This chart from Manheim shows how the average mileage has surged over those years from around 25,000 in 2005 and 2006 to 51,395 in December (red added, click to enlarge):

Even though average mileage has increased on those “rental risk” units, wholesale prices at Manheim’s auctions have increased also. In December, even as the average mileage rose 6% from a year ago, the average price rose 3.5% from a year ago $15,600. The fat orange line in this chart from Manheim represents 2019 prices of rental risk units (click to enlarge):

Which brands ran through the auctions as rental risk units the most? Nissan is having problems in the US. Its deliveries in 2019 dropped nearly 10% to 1.35 million units and were down 15.5% from the peak in 2017. But its brand was number one in terms of rental risk units being sold at auction in Q4, showing how aggressive Nissan had gotten in selling to rental fleets a couple of years ago. Nissan was followed by Ford (#2, blue), Chevrolet (#3, gray), and Toyota (#4, orange):

Midsize cars used to dominate the rental risk units. But in recent years, rental car companies – with an eye on resale values because that’s a risk for them – have followed the trend of consumer preferences for buying SUVs, hoping that auction prices of SUVs will remain high. So SUVs (red) have become the dominant segment among rental risk units going through the auction. Midsize cars (blue) have sunk to a distant number two. Note also the decrease in compact cars (gray), and the increase in pickups (orange):

Not all rental car fleets sell all their vehicles at auction. Some fleets, such as Enterprise and affiliated brands Alamo and National, also sell directly to the consumer, trying to fetch higher prices for their cars. Enterprise says on its website that it has an inventory of over 7,000 vehicles for sale nationwide. A quick look at the site shows that mileage by vehicle spans the spectrum, from the low teens to over 45,000 miles. Low-mileage vehicles come with higher price tags.

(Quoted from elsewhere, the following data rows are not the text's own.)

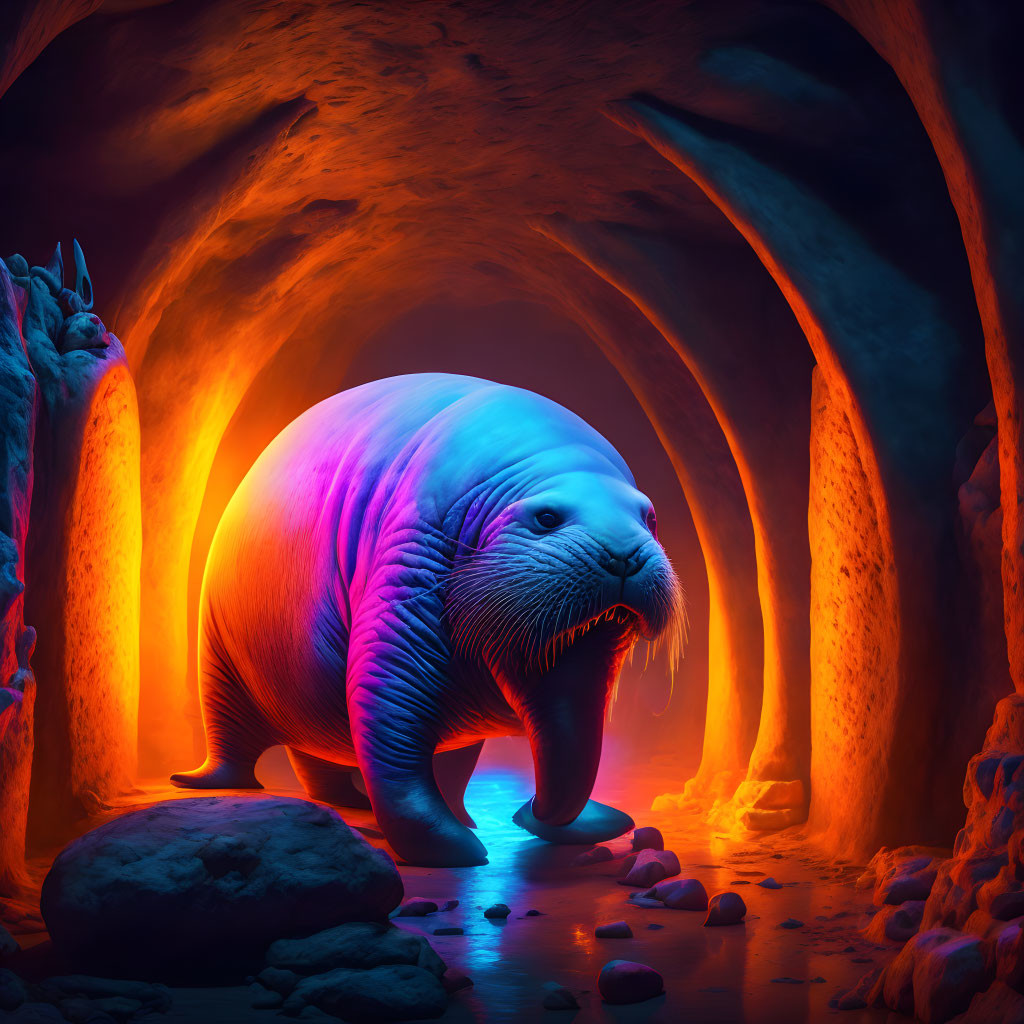 Glowing walrus in fantasy cave with neon blue and orange hues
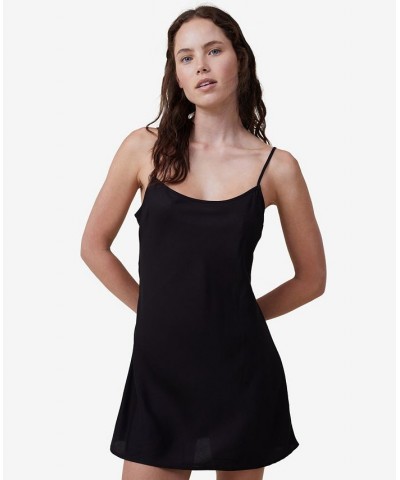 Women's Drew Mini Slip Dress Black $24.74 Dresses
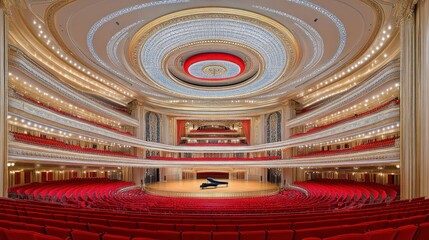 Obraz premium Grand concert hall interior with red seats, a stage, and a piano.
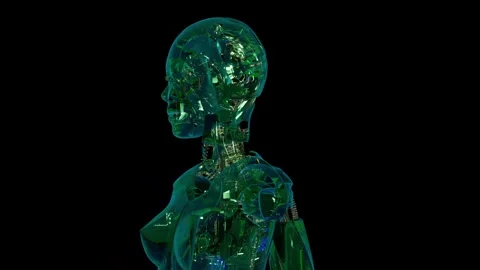 3d animation of humanoid robot skeleton rotating on black background. Stock Footage 321460324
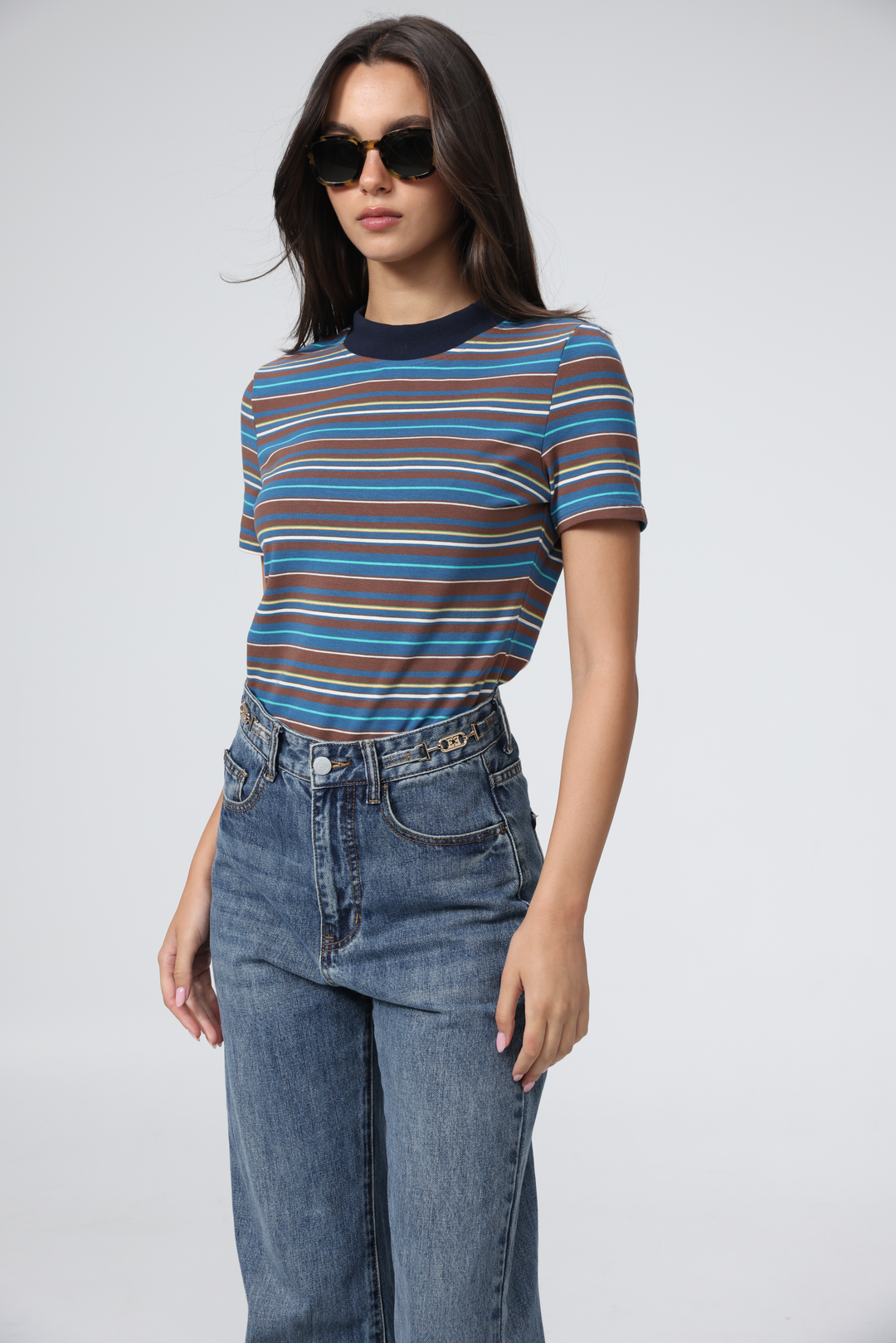Rebasically Brown Stripes T-Shirt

But Enterprise also sells many of its cars at auction. The decision is not random. For example, it might sell all its high-mileage units at auction, which would skew the average mileage of rental risk vehicles going through auction.

Rental cars with 50,000 miles or more on the odometer are getting ripe for a new set of tires in the near future. This can get costly for many models. And this point at the latest is when rental car companies will pull the ripcord because they don’t want to buy new tires for all their cars just before they sell them.

The aging of rental cars in terms of mileage fits into the theme of the rising age of the average vehicle on the road, which has hit a new record of 11.8 years, up from 8.8 years in 2000. A vehicle with 50,000 miles today can look nearly new and run perfectly for many more miles.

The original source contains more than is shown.